I’m now trying to understand how nn.DataParallel use multiple GPUs.
As far as I understand, whenever I call forward function of module wrapped by DataParallel,

  1. Split inputs to multiple GPUs with scatter function
  2. Replicate original module to multiple GPUs
  3. Call forward of each replica with corresponding (splitted) inputs
  4. Gather outputs from each replica and return it

However, I couldn’t find how DataParallel guarantees sub-modules of each replica lying on certain cuda device.
In case of parameters and buffers of original module, it’s guaranteed that they are copied to every usable GPU (https://github.com/pytorch/pytorch/blob/0988bbad2de5e0ce403c5e6f781437b24a484fc2/torch/nn/parallel/replicate.py#L12, https://github.com/pytorch/pytorch/blob/0988bbad2de5e0ce403c5e6f781437b24a484fc2/torch/nn/parallel/replicate.py#L19), but I can’t find such code for sub-modules of original module.

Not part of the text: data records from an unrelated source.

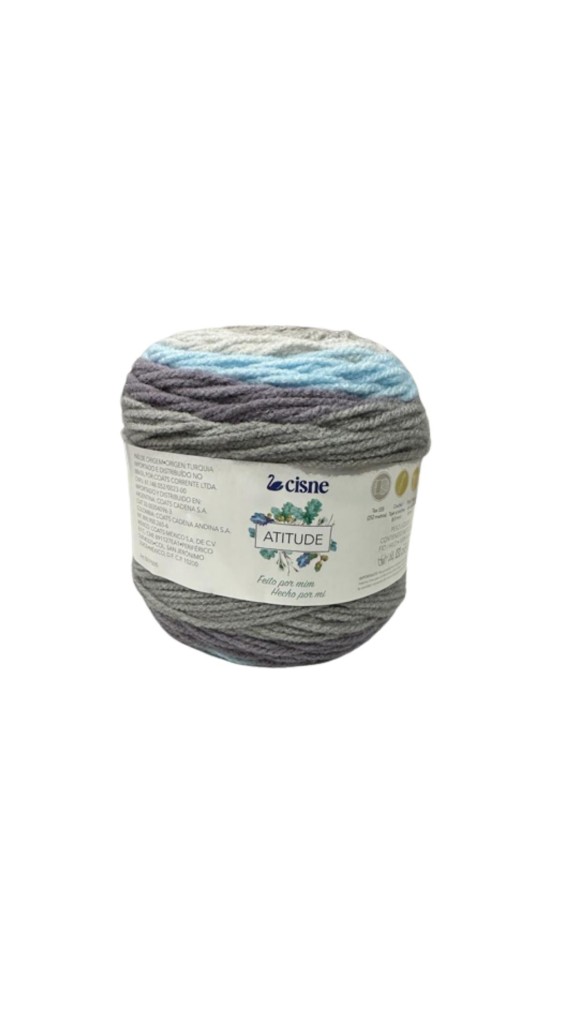 LÃ CISNE ATITUDE 100G COATS CORRENTE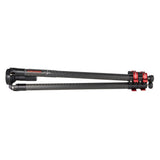 Gazelle TC7 Fastbowl Carbon Fibre Tripod Folded Down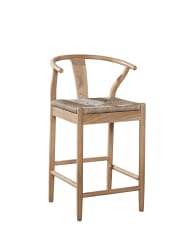 Broomstick - Counter Stool - Light Brown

Even though parallel_apply function runs the forward function of replica with torch.cuda.device(device of given inputs) context, I think it only affects where new tensors located, not the replica.

Could you tell me how each replica broadcasted on each GPU?

Move module to device x is same as move all the parameters and buffers moved to that device. So two lines mentioned in the question are sufficient to guarantee each module is replicated to different GPU.

It’s not true. When we don’t specify devices when constructing nn.DataParallel instance (which is common case), devices are set as list of None, and then become list of current device, for all replicated modules.

But it doesn’t matter since each i-th (module, inputs) pair is already located on the GPU #i. So the result of calculation is also going to be located on i-th GPU, which makes with torch.cuda.device(device) meaningless. And that’s why we need the gather after the parallel_apply.

Please let me know if there’s any wrong point.